“Hadoop” is an open-source software framework for storage and large scale data processing on clusters of homogenous computers. “MapReduce” is a programming model that may be used in Hadoop clusters for processing large data sets in parallel.
The present application may be more fully appreciated in connection with the following detailed description taken in conjunction with the accompanying drawings, in which like reference characters refer to like parts throughout, and in which:
It is appreciated that certain terms are used throughout the following description and claims to refer to particular system components. As one skilled in the art will appreciate, technology companies may refer to a component by different names. This document does not intend to distinguish between components that differ in name but not function. In the following discussion and in the claims, the terms “including” and “comprising” are used in an open-ended fashion, and thus should be interpreted to mean “including, but not limited to . . . .”Also, the term “couple” or “couples” is intended to mean either an indirect, direct, optical or wireless electrical connection. Thus, if a first device couples to a second device, that connection may be through a direct (wired or wireless) connection or through an indirect connection via other devices and connections.

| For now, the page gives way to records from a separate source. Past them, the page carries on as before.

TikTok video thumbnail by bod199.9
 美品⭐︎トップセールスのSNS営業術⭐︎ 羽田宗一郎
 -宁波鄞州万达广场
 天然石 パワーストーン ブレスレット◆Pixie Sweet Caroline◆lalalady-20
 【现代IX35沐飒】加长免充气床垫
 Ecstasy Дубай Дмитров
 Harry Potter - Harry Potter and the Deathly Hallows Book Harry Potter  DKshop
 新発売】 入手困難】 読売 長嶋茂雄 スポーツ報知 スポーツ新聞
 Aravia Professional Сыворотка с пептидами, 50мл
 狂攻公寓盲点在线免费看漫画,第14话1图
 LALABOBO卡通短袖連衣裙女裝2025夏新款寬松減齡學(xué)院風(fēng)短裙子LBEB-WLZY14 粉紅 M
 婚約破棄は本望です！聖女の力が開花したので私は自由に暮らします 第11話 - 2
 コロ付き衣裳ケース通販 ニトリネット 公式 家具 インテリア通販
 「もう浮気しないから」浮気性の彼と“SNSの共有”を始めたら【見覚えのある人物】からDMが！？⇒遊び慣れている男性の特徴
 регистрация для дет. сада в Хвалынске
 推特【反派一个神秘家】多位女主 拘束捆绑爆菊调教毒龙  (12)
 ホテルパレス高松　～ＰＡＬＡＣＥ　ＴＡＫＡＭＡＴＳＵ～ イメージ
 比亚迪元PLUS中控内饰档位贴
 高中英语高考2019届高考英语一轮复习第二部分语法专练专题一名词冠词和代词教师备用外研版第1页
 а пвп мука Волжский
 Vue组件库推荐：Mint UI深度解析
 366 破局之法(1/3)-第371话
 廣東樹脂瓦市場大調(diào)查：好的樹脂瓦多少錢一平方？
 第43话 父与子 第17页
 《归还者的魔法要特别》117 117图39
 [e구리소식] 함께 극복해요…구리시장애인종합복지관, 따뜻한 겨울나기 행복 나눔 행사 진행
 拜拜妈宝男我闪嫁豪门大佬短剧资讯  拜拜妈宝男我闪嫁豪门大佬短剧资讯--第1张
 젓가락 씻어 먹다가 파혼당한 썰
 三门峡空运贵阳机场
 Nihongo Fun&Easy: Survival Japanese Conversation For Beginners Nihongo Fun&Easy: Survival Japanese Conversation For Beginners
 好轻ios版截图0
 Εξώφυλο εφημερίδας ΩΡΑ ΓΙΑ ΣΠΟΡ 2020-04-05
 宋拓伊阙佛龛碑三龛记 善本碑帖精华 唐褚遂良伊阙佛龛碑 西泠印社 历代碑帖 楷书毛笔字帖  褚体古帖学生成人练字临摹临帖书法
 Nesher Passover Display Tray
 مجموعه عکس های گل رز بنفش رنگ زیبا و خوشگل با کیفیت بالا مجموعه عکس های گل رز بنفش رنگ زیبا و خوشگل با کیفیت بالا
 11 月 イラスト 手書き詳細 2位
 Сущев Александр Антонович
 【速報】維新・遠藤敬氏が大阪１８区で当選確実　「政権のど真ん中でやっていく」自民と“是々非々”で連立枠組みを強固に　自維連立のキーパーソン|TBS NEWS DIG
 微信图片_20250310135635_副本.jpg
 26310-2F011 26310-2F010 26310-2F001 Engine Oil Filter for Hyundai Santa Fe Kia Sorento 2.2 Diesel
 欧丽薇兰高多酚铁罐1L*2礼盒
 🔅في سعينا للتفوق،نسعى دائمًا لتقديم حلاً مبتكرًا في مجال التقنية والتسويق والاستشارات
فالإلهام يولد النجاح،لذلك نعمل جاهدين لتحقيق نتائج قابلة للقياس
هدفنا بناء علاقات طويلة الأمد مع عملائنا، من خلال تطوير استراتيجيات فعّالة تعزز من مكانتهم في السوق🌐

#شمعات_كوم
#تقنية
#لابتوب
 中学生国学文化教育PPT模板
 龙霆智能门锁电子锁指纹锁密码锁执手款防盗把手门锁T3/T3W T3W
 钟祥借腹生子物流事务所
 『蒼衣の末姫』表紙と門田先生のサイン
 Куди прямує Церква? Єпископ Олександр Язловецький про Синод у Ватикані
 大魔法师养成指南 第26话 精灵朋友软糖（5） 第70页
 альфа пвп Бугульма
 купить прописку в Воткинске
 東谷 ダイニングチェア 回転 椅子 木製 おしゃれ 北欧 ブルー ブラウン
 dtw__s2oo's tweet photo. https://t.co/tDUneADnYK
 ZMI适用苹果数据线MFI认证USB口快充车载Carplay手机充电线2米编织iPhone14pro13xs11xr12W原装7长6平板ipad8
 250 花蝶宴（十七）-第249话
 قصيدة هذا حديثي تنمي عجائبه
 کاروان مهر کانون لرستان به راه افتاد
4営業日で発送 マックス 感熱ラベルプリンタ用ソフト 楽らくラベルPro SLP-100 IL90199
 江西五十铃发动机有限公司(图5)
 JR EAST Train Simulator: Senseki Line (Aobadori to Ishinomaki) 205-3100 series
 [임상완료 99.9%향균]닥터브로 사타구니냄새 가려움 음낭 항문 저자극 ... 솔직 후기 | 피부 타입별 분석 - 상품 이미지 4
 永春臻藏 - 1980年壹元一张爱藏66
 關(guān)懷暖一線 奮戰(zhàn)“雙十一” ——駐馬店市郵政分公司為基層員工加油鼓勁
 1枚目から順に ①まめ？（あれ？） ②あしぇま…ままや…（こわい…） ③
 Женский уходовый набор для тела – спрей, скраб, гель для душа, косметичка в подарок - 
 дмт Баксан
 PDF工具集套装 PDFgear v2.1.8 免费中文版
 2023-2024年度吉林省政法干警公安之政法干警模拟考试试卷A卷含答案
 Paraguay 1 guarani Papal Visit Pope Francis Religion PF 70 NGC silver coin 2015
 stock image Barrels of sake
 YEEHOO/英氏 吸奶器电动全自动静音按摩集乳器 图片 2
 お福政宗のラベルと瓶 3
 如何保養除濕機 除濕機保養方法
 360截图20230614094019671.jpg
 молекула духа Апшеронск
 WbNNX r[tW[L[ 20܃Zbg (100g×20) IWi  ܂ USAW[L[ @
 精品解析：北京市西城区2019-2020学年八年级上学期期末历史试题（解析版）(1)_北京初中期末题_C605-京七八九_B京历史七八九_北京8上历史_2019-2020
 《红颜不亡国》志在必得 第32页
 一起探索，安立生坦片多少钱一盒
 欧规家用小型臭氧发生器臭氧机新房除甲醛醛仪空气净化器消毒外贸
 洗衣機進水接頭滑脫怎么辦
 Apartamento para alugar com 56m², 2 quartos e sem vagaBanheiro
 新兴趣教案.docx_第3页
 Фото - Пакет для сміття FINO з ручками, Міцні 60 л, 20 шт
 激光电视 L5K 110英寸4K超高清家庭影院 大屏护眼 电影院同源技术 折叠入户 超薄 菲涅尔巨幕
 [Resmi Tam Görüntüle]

The following discussion is generally directed to a job scheduler in a system that includes a multicore system. The multicore system described herein may be a heterogeneous multicore system meaning that the system includes at least two different types of cores. The job scheduler described herein takes advantage of the heterogeneous nature of the multicore system to more efficiently schedule and process jobs such as “MapReduce” jobs.
Data centers face diverse computing needs. Some jobs to be executed are time-sensitive meaning their completion deadline is mission critical. An example of a time-sensitive job is a job involving direct user interaction. If a user is directly interacting with software, the user is waiting for a response and the time lag for the software to provide the result should be as short as possible. Other jobs, such as batch processing jobs, may be less time-sensitive in that their completion deadline is not as critical as more time-sensitive jobs.
Systems that include homogenous processor cores (i.e., all processor cores being identical) may not be the most effective at processing largely diverse jobs. A system-on-a-chip (SoC) may include one or more multicore processors. All of the cores may be the highest speed cores available at the time of manufacture. Such cores may be beneficial for processing time-sensitive jobs. However, such high speed cores consume more power than lower speed cores. A given power budget for an SoC, therefore, limits the number of high speed cores that can be included on a given SoC. Consequently, an SoC with high speed cores may only be able to have relatively few of such cores. Conversely, an SoC may include lower speed cores. Such cores consume less power than their higher speed counterparts, thereby permitting an SoC to include a larger number of such lower speed cores for the same power budget. However, lower speed cores may not be satisfactory for processing time-sensitive jobs.
The SoC described herein includes heterogeneous multicore processors. A heterogeneous SoC includes two more different types of processor cores. For example, a heterogeneous SoC may include one or more higher speed cores better suited for processing time-sensitive jobs and one or more lower speed cores that can be used to process less time-sensitive batch jobs. As such, a heterogeneous SoC is more effective at meeting diverse computing needs. Because the lower speed cores are used to process the less time-sensitive batch jobs, the higher speed cores are made available to process the more time-sensitive jobs. A job scheduler is described below that schedules different types of jobs among the different types of processor cores accordingly.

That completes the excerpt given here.